Sweden and Finland applied last year to join the trans-Atlantic defence pact after Russia invaded Ukraine, but faced unexpected objections from Turkey. Ankara says Stockholm harbours members of terrorist groups, which Sweden denies.
The parliaments of all 30 members of Nato have to ratify any membership bids for the alliance. Apart from Hungary, Turkey is the only member not yet to have given Finland and Sweden its green light.
A senior Turkish official told Reuters that Finland’s bid would be approved independently from that of Sweden.
Another official with knowledge of the matter said Finland’s approach to terrorist organisations was in line with Turkey‘s sensitivities and that Helsinki had taken steps in that regard.

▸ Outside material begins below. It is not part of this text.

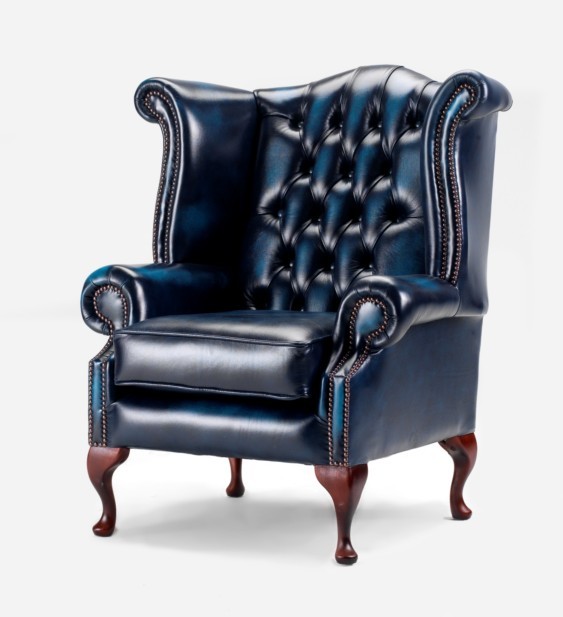 Product photograph of Chesterfield High Back Wing Chair Antique Blue Leather Bespoke In Queen Anne Style from Chesterfield Sofas.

“It is highly likely that the necessary step for Finland’s Nato membership will be completed before (parliament) closes and the election is held,” the official said.
Both officials declined to be named because the discussions are not public yet.
Niinisto, who will visit Turkey on March 16-17, said he believed Turkish President Tayyip Erdogan will announce his decision concerning Finland’s NATO bid when the two meet.
“We knew that when Turkish President Erdogan on his part has made the decision concerning the ratification of Finland’s NATO membership, he wants to meet and fulfil his promise president to president,” Niinisto said in an email to Reuters.
“The Turks had hoped I would be there in person to receive the decision,” he added.
Turkey has repeatedly said that Sweden needed to take additional steps against supporters of Kurdish militants and members of the network Ankara holds responsible for a 2016 coup attempt. Turkey treats both groups as terrorist organisations.
Talks between Sweden and Turkey have made little progress, especially following several disputes mainly over street protests by pro-Kurdish groups in Stockholm.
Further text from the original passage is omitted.